In order for EM observatories to follow-up a GW detection, they need an accurate sky location. This must be provided promptly, while there is still a visible transient. Parameter estimation while accounting for spin is computationally expensive and slow to complete (see appendix \ref{ap:CPU}). There are alternative methods that can provide sky localization more quickly. The most expedient is bayestar, which uses output from the detection pipeline to rapidly compute sky position (Singer et al., 2016). bayestar can compute sky positions with a latency of a few seconds. Between the low-latency bayestar and the high-latency full parameter estimation, there is the medium-latency option of performing non-spinning parameter estimation with computationally cheap TaylorF2 waveforms. This requires hours of wall time to complete analyses, with the exact time depending upon the degree of parallelization. Despite only using information from the detection triggers, rather than full waveforms, it has been shown that bayestar produces sky areas for BNS signals fully consistent with non-spinning parameter estimation results, provided that there was a trigger from all detectors in the network (Singer et al., 2014; Berry et al., 2015; Singer et al., 2016). Having now performed a full spinning analysis, we can compare the results of high-latency parameter estimation with the more expedient methods of inferring sky position.

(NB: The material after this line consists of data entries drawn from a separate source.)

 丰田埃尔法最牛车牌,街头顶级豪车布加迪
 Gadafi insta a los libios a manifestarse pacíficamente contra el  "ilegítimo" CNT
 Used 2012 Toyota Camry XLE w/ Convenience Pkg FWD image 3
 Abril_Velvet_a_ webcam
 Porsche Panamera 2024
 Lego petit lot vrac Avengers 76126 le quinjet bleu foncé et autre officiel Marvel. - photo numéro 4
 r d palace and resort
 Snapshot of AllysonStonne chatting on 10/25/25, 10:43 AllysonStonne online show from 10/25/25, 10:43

In Figure \ref{fig:sky} we show the cumulative distributions of recovered \(50\%\) credible regions, \(90\%\) credible regions, and searched areas. All three quantities show good agreement across all parameter-estimation techniques. For the for the slowly spinning BNSs considered here, including spin in the analysis does not change the average ability to localize sources on the sky.

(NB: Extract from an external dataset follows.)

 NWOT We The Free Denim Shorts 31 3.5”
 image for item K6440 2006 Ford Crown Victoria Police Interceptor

\label{fig:sky} Cumulative fractions of events with sky localization areas smaller than the abscissa value. Top: sky area of \(50\%\) credible region \(\mathrm{CR}_{0.5}\) Middle: sky area of \(\mathrm{CR}_{0.9}\). Bottom: searched area \(A_\ast\). The high-latency results including spin are indicated by the solid (blue) line. The lower latency non-spinning and bayestar from Singer et al. (2014) are denoted by thicker (green) and thinner (orange) lines, respectively. The \(68\%\) confidence intervals for the cumulative distribution are denoted by the shaded areas.

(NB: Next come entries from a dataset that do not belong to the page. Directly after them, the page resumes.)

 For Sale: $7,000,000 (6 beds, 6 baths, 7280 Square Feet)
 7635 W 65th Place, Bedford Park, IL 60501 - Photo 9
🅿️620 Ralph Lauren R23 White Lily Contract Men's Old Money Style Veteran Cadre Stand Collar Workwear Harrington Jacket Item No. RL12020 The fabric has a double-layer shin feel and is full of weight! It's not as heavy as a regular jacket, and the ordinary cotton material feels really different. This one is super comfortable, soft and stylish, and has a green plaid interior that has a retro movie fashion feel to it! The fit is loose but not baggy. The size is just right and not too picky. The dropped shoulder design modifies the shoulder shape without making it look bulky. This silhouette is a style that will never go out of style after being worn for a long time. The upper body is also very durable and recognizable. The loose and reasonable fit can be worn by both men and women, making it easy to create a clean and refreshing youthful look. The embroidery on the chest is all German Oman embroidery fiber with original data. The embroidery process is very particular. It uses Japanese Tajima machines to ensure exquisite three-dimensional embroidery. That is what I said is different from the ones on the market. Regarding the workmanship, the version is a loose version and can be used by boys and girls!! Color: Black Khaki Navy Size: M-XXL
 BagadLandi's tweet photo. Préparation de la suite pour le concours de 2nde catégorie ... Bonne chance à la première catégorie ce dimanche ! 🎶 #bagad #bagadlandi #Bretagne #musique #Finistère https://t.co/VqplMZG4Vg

We can consider sky localization in greater detail by comparing areas on an event-by-event basis and not just the cumulative distribution across the population. Doing this, we confirm that sky localization is consistent between approaches for any given event. We use the medium-latency non-spinning TaylorF2 analysis as a reference point and compare the ratio of sky areas. To summarize the variation in sky areas computed in different analyses, we use the log ratio \[\mathcal{R}_A^X = \log_{10}\left(\frac{A^X}{A^\mathrm{NS}}\right),\] where \(A^X\) is a credible region or the searched area as determined by method \(X\) and \(A^\mathrm{NS}\) is the same quantity from the non-spinning analysis. The log ratio \(\mathcal{R}_A^X\) is zero when analysis \(X\) agrees with the non-spinning results. Considering all \(250\) events, the mean and standard deviation of the log ratio is given in Table \ref{tab:sky-ratio}. For the purposes of EM follow-up, there is no significant difference between analyses.1 The computationally expensive fully spinning analysis does not improve sky localization: there is no disadvantage in using the lower-latency results for EM follow-up of slowly spinning BNSs.

  1. The non-spinning analysis was performed using LALInference_nest while the spinning analysis was performed using LALInference_MCMC (Veitch et al., 2015); therefore, the consistency between analyses additionally shows the consistency of results from different sampling algorithms.

Comparison of sky localization areas produced by the low-latency bayestar analysis and the high-latency fully spinning SpinTaylorT4 analysis with those produced by the medium-latency non-spinning TaylorF2 analysis. The mean and standard deviation of the log ratio for the \(50\%\) credible region \(\mathrm{CR}_{0.5}\), the \(90\%\) credible region \(\mathrm{CR}_{0.9}\) and the searched area \(A_\ast\) are listed for each analysis.
Logarithmic ratio Mean Standard deviation
bayestar Spinning bayestar Spinning
\(\displaystyle \vphantom{\frac{0}{0}} \mathcal{R}^X_{\mathrm{CR}_{0.5}}\) \(0.095\) \(0.022\) \(0.117\) \(0.067\)
\(\displaystyle \vphantom{\frac{0}{0}} \mathcal{R}^X_{\mathrm{CR}_{0.9}}\) \(0.075\) \(0.028\) \(0.094\) \(0.063\)
\(\displaystyle \vphantom{\frac{0}{0}} \mathcal{R}^X_{A_\ast}\) \(0.106\) \(0.002\) \(0.447\) \(0.397\)


Luminosity distance


The distance is degenerate with the inclination (Cutler et al., 1994; Aasi et al., 2013), and the inclination can be better constrained for precessing systems (van der Sluys et al., 2008; Vitale et al., 2014). Because we are considering a population with low spins, precession is minimal, and there should be little effect from including spin in the analysis.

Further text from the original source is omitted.